Detectada a epidemia em Santa Cruz, o Governo de São Paulo providenciou “remessa de tubos de limpha vaccinica” (DOSP, 01/10/1891), por via férrea até a gare de Botucatu, e daí por entregadores, a cavalo em galope máximo, com repasses de distância em distância a outro cavaleiro. À mesma maneira, algum telegrama necessário de Santa Cruz a outra localidade, geralmente São Paulo, era levado até Botucatu, de onde emitido ao destino.
— As sequências imediatas de correspondências, de pedidos e providências mútuas entre o Governo do Estado e Município, não teriam a eficiência se não fosse o uso de telégrafo em Botucatu.
A população temia a doença ao mesmo tempo que resistia ao plano de saneamento e, sobretudo à vacinação – então inédita, ressalvas estas por saber que a vacina era produzida a partir de vitelos, desde 1887, e a situação poderia escapar do controle e tratamento.
As autoridades de governo recomendavam isolamentos extradomiciliares dos enfermos, nalgum isolamento, para se evitar contágios, bastante certo, a isto opunham-se os ricos, que não desejavam internamento junto aos indigentes.
Em Santa Cruz, pelo menos dois isolamentos detectados para atendimento aos doentes, um nos altos da cidade, próximo ao cemitério, onde, depois da desativação, por décadas funcionou como local para a ‘Antena da Rádio Difusora Santa Cruz’; outro, na zona rural, no Bairro do Douradinho.

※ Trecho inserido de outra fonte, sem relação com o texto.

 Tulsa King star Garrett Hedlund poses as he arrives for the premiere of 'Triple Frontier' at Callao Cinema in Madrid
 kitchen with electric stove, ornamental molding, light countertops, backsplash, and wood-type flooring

—Também conhecido o barracão na chácara do médico italiano Samuel Genuta, próximo onde hoje a capela urbana de Rita Emboava, mas este era local de estadia e tratamento apenas para hansenianos, por isso denominado de ‘Domicilio dos Leprosos’, completo com o ‘Acampamento dos Morféticos’, na Água dos Pires, próximo ao atual núcleo residencial ‘Parque das Nações’.
Apesar das presenças dos médicos em Santa Cruz, o dr. Fortes e o italiano dr. Samuel Genuta, o juiz de direito e o juiz municipal solicitaram do Governo do Estado fosse providenciado um médico “afim incumbir-se do tratamento de variolosos indigentes” (DOSP, 14/10/1891). O pedido denota desentendimento entre as autoridades locais e o médico Fortes, sendo a solicitação do judiciário satisfazer a sociedade em evitar, tratamento igual para os doentes socialmente desiguais.
Dr. Fortes, como ‘delegado de higiene’, reagiu a essa situação para comunicar ao governo ser ele quem à frente do tratamento de variolosos no município, e apenas a ele cumpria as decisões e ações tomadas no combate à epidemia (DOSP, 15/10/1891).
Não há registros, mas as discórdias teriam prosseguido e o Dr. Fortes momentaneamente teria deixado o cargo, assim depreendido do comunicado da Inspetoria de Higiene, “ter o dr. delegado de hygiene de Santa Cruz do Rio Pardo reassumido o seu cargo e por isto achar desnecessaria a nomeação de um medico para tratar dos indigentes atacados de variola n’aquella villa.” (DOSP, 17/10/1891).
Dr. Fortes saiu avigorado do embate, e, aos 17 de dezembro de 1891, “Conforme participou o Dr. Delegado de Hygiene de Santa Cruz do Rio Pardo, acha-se extinta na mesma localidade a epidemia de varíola.” (DOSP, 17/12/1891).
A ‘Inspetoria de Higiene’ foi acabada pela Lei nº 43, de 18 de julho de 1892, com a reforma dos serviços sanitários em São Paulo, numa ambiciosa legislação firmada pelo Decreto nº 87, de 29 de julho do mesmo ano de 1892, criando para o Estado de São Paulo o ‘Serviço Sanitário Estadual’, vinculado à Secretaria do Interior, ato denominado de estadualização dos serviços de saúde, com sedes nas cabeças de comarcas, continuando sob a responsabilidade das câmaras municipais, e o dr. Fortes permaneceu à frente dos serviços de saúde no município, ainda nos anos de 1892 e 1893.
Com a implantação do ‘Serviço Sanitário Estadual’ as prevenções e decisões ao atendimento de saúde ficaram mais rápidas e eficientes, vistas comprovações nos combates à varíola, malária e febre amarela, cujos surtos após 1894, em muitas cidades do interior, inclusive Santa Cruz do Rio Pardo, cuja sede era Botucatu.